Loose Furは、WilcoのJeff TweedyとGlenn KotcheにJim O'Rourkeが加わったユニットで、O'RourkeがWilcoの『Yankee Hotel Foxtrot』をプロデュースした時にその副産物として生まれたユニットらしい。1stにあたる『Loose Fur』は聴いてないので迂闊な事はいえないけれど、その1stを『Yankee Hotel Foxtrot』から想像すれば、音響的な展開を加えたジャムセッション的な音だったのではないかと思う。それが新作『Born Again in the USA』ではカントリーライクな、WilcoやO'Rourkeのポップサイドな音から想像出来る様な音になっている。

一聴して耳を惹くような仕掛けは見当たらなく、その仕掛けがないという部分で、実は最初の印象は良くなかった。だけど、気を取り直してO'Rourkeのいるバンドという事を意識せずに聴いてみると、楽曲そのものが魅力のあるものが多いという事に気付く。それも60〜70年代のエバーグリーンな楽曲を想像させ、「Thou Shalt Wilt」なんて、The Bandを連想させる。

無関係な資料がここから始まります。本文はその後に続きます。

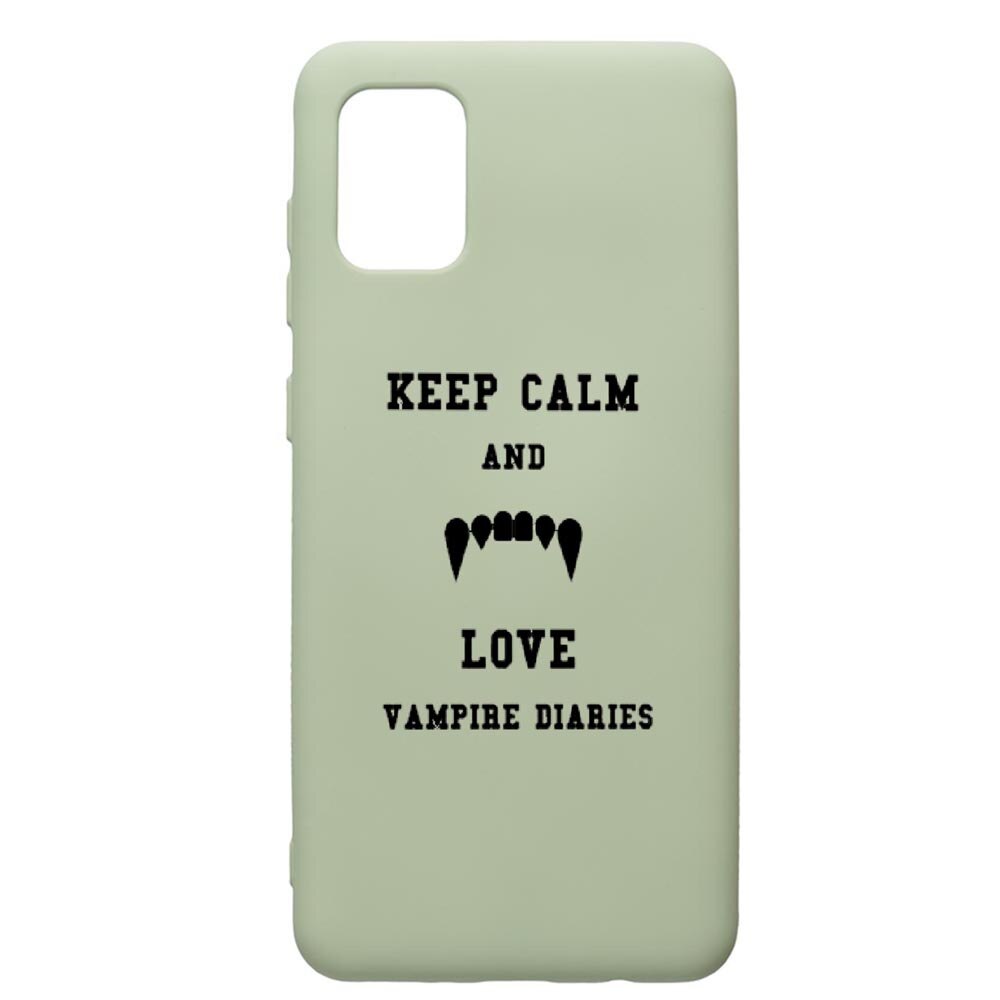 Husa de protectie Samsung Galaxy A31, Vampire Diaries - Keep Calm, silicon, cu interiorul din material textil, protectie camera, Beryl, PGR581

『Born Again in the USA』というタイトルは、否が応でもBruce Springsteenの『Born in the USA』を意識させる。そのSpringsteenの『Born in the USA』は当時曲解されて、そのタイトル曲の「Born in the USA」をアメリカ大統領選のキャンペーンに使用されるという、Springsteenの大失態があった。「Born in the USA」は、その歌詞を読めば誰でもあれが単純なアメリカ賛歌ではない事に気付く。複雑な思いを持ちながらもアメリカ人であるという事を再度考えたという曲だと思う(もちろんそれには、単純な意味ではない愛国心もあると思うが)。

あまり政治的なことを音楽に持ち込みそうに無いO'Rourkeだけど、『Born Again in the USA』は、そのタイトルから『Born in the USA』を連想させる事を分かっていてこのタイトルにしたのだろうし、ブックレットの解説でも触れられているように、ここには何か、現在のアメリカに対する含みがあるのかもしれない。

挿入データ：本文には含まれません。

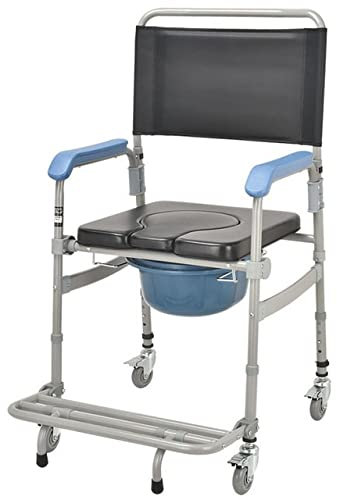 Fauteuil Roulant Commode, Chaise de Toilette Portative Légère de Chevet avec Toilettes Intégrées pour Personnes Handicapées Les Personnes Âgées Autres jusqu'à 150 Kg Hauteur Réglable Afficher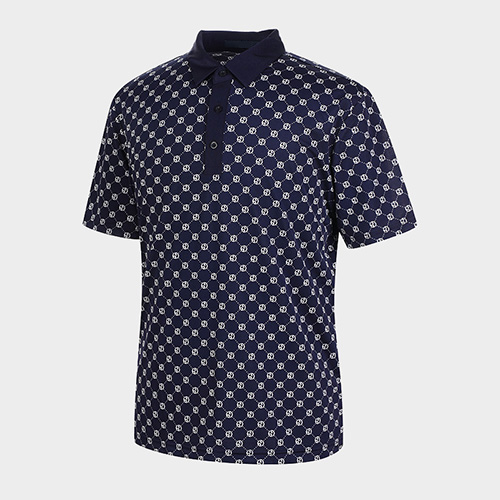 LVPG 남성 패턴 포인트 솔리드 카라 티셔츠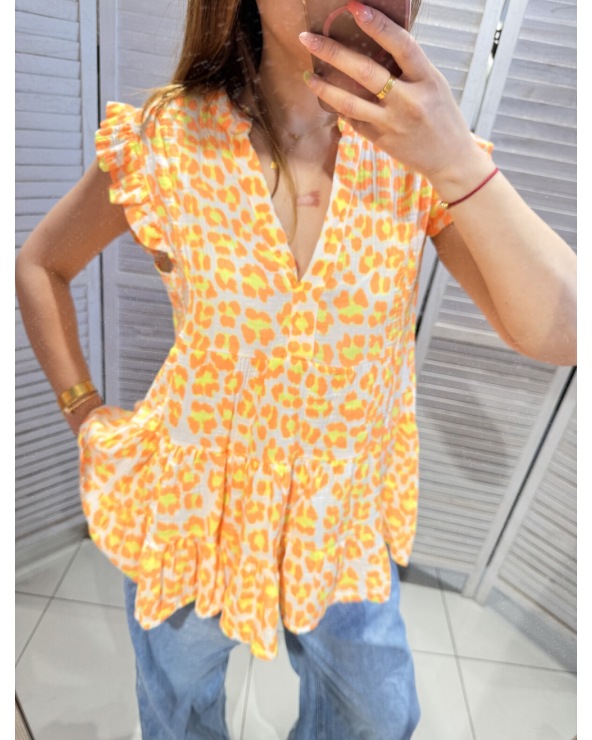 Kurzarm Bluse Made in Italy - Leo/Musselin - Neon/Creme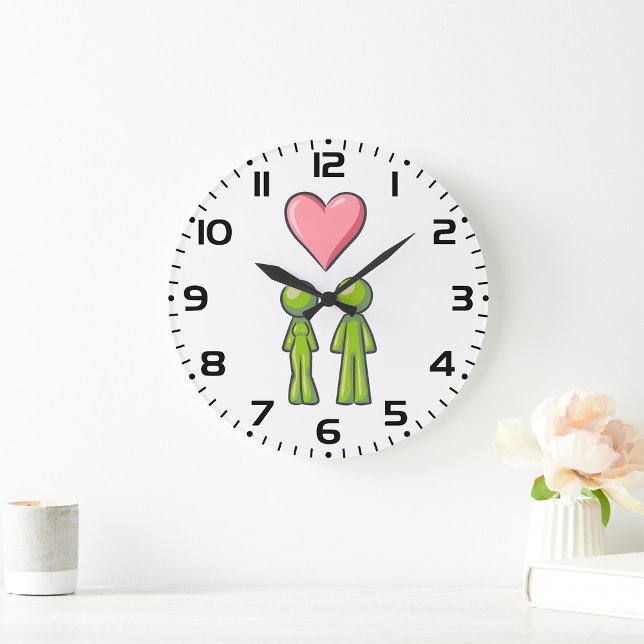 Green Stick Figure Couple Pink Heart Love Large Clock (Creator Uploaded)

この『Born Again in the USA』を購入して、ウチに帰ってCDを聴いている時に解説を読もうと思い、ブックレットを見たら解説が見当たらず。帯を見ても解説付とあるし、なんどもブックレットを見のだけど、どうみても解説は書いていない。それで発売元のP-VineのHPを探し問い合わせの窓口にメールを送ったら、夜10時を過ぎている様な時間にもかかわらず返答があり、翌々日には解説が手元に届いた。この素早い対応は、もしかしたら購入店に言えと言われるんじゃないかと思いながらの問い合わせだったので、個人的に好印象。P-Vineは、昔からBlues系のリイシューを中心に、徐々に展開を広げてきた会社なので、他のレコード会社と比べて元々印象が良いのだけど、それなりに大きくなった現在では体質が変わったかもしれないと思っていたのに、今回の対応は、今後もP-Vineの印があれば安心して購入出来ると確信させる出来事だった。